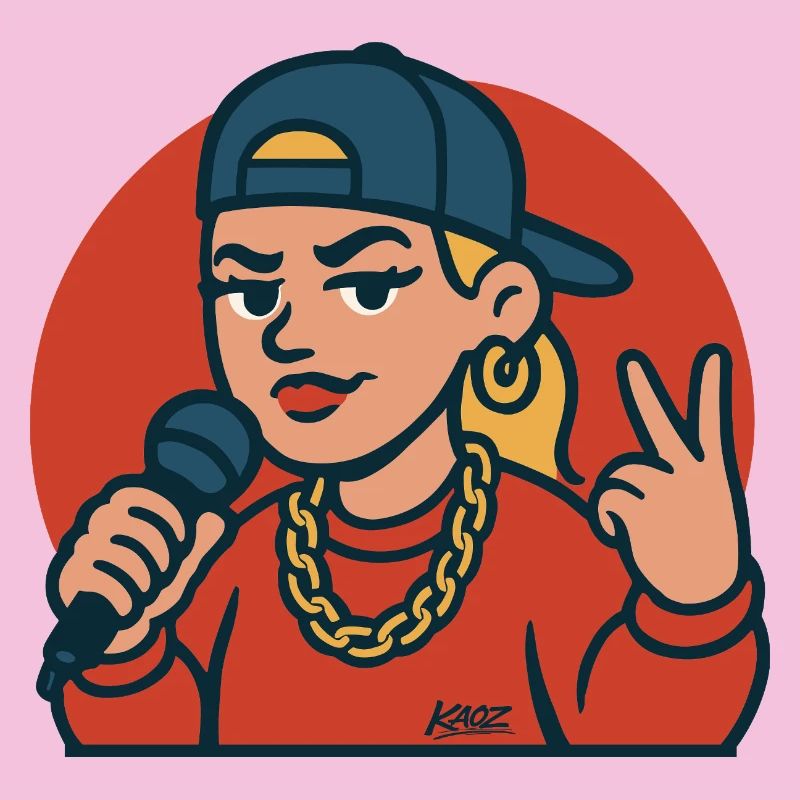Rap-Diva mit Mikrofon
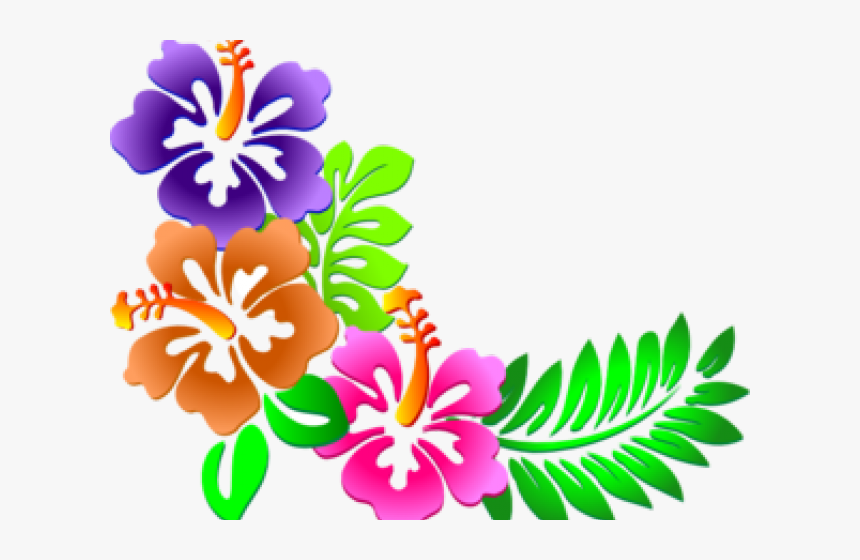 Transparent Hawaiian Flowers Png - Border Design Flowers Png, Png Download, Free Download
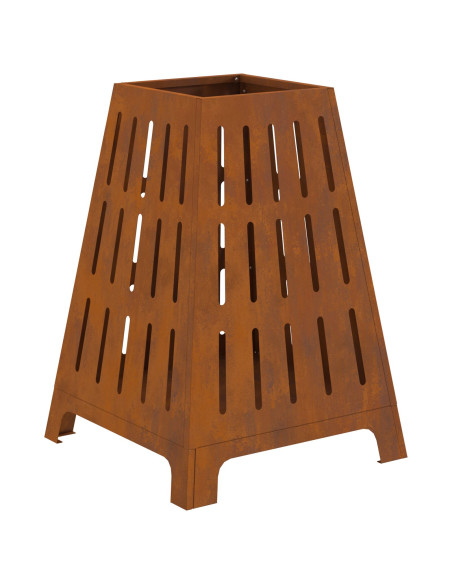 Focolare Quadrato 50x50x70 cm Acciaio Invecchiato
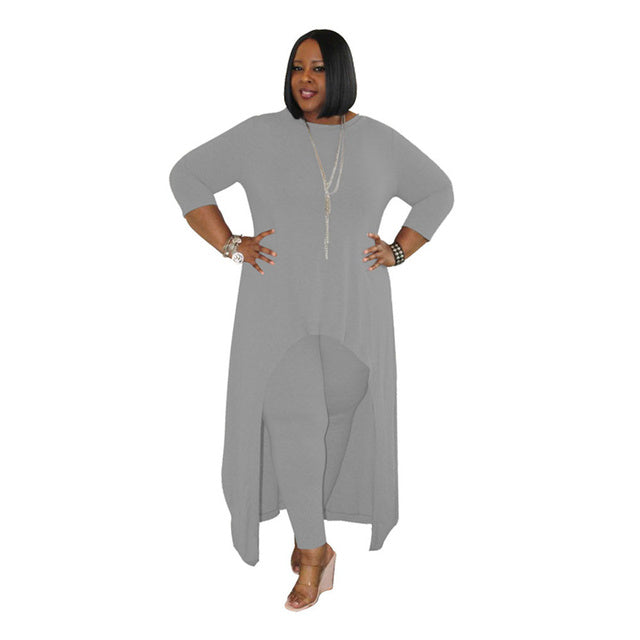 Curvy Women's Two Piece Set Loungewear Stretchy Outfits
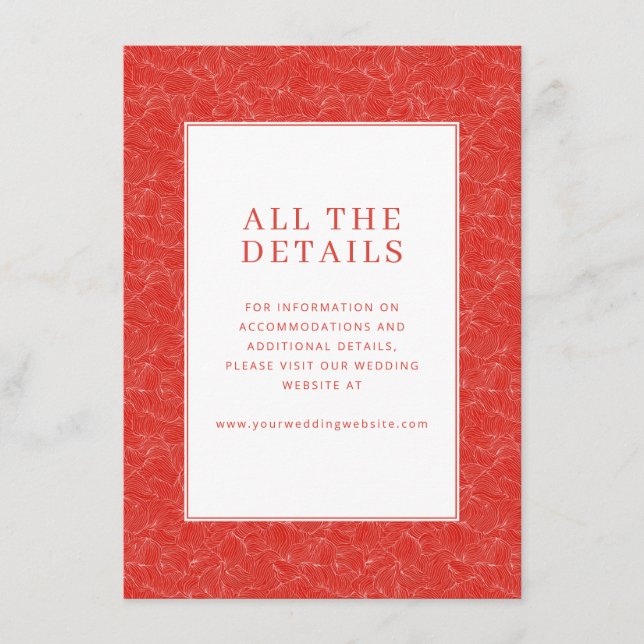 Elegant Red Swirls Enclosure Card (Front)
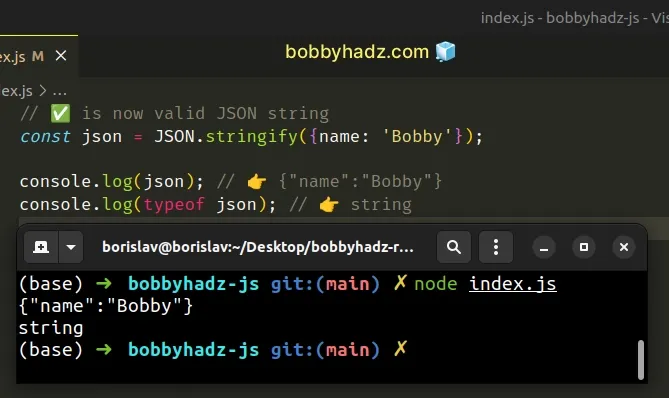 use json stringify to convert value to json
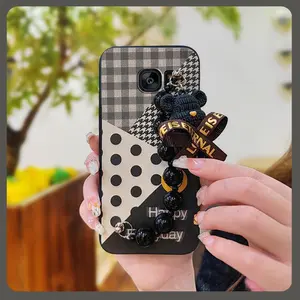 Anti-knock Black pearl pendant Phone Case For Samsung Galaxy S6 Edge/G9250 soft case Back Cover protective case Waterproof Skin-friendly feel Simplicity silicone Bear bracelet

---

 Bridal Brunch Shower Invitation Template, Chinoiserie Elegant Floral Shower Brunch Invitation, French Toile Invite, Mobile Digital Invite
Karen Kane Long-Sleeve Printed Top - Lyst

• **Exercise requirements**: Range to print from the listing above: from the line with "Transparent Hawaiian Flowers" up to and including the line with "Anti-knock Black pearl". Please print those lines exactly, with no pictures and nothing more.

• **Result**:
 Transparent Hawaiian Flowers Png - Border Design Flowers Png, Png Download, Free Download
 Focolare Quadrato 50x50x70 cm Acciaio Invecchiato
 Curvy Women's Two Piece Set Loungewear Stretchy Outfits
 Elegant Red Swirls Enclosure Card (Front)
 use json stringify to convert value to json
 Anti-knock Black pearl pendant Phone Case For Samsung Galaxy S6 Edge/G9250 soft case Back Cover protective case Waterproof Skin-friendly feel Simplicity silicone Bear bracelet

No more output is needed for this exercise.